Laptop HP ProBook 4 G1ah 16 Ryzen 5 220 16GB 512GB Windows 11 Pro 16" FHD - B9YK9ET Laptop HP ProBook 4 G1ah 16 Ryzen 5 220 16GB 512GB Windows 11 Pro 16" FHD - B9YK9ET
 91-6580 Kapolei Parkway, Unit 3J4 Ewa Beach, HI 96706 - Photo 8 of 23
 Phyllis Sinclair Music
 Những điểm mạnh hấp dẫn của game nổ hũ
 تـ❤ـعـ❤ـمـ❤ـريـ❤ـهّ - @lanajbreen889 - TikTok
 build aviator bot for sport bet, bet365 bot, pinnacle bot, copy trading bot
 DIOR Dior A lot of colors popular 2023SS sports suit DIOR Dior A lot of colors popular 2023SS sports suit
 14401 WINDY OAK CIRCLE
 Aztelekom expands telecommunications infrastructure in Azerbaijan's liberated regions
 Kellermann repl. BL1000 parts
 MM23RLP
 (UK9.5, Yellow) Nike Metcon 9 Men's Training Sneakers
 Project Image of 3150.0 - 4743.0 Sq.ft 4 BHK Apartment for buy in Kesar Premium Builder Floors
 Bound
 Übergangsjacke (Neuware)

***

» YOUR ASSIGNMENT: Go through the material above and output exactly the lines from the one containing "91-6580 Kapolei Parkway, Unit" through the one containing "Kellermann repl. BL1000 parts".

» SOLUTION BELOW:
 91-6580 Kapolei Parkway, Unit 3J4 Ewa Beach, HI 96706 - Photo 8 of 23
 Phyllis Sinclair Music
 Những điểm mạnh hấp dẫn của game nổ hũ
 تـ❤ـعـ❤ـمـ❤ـريـ❤ـهّ - @lanajbreen889 - TikTok
 build aviator bot for sport bet, bet365 bot, pinnacle bot, copy trading bot
 DIOR Dior A lot of colors popular 2023SS sports suit DIOR Dior A lot of colors popular 2023SS sports suit
 14401 WINDY OAK CIRCLE
 Aztelekom expands telecommunications infrastructure in Azerbaijan's liberated regions
 Kellermann repl. BL1000 parts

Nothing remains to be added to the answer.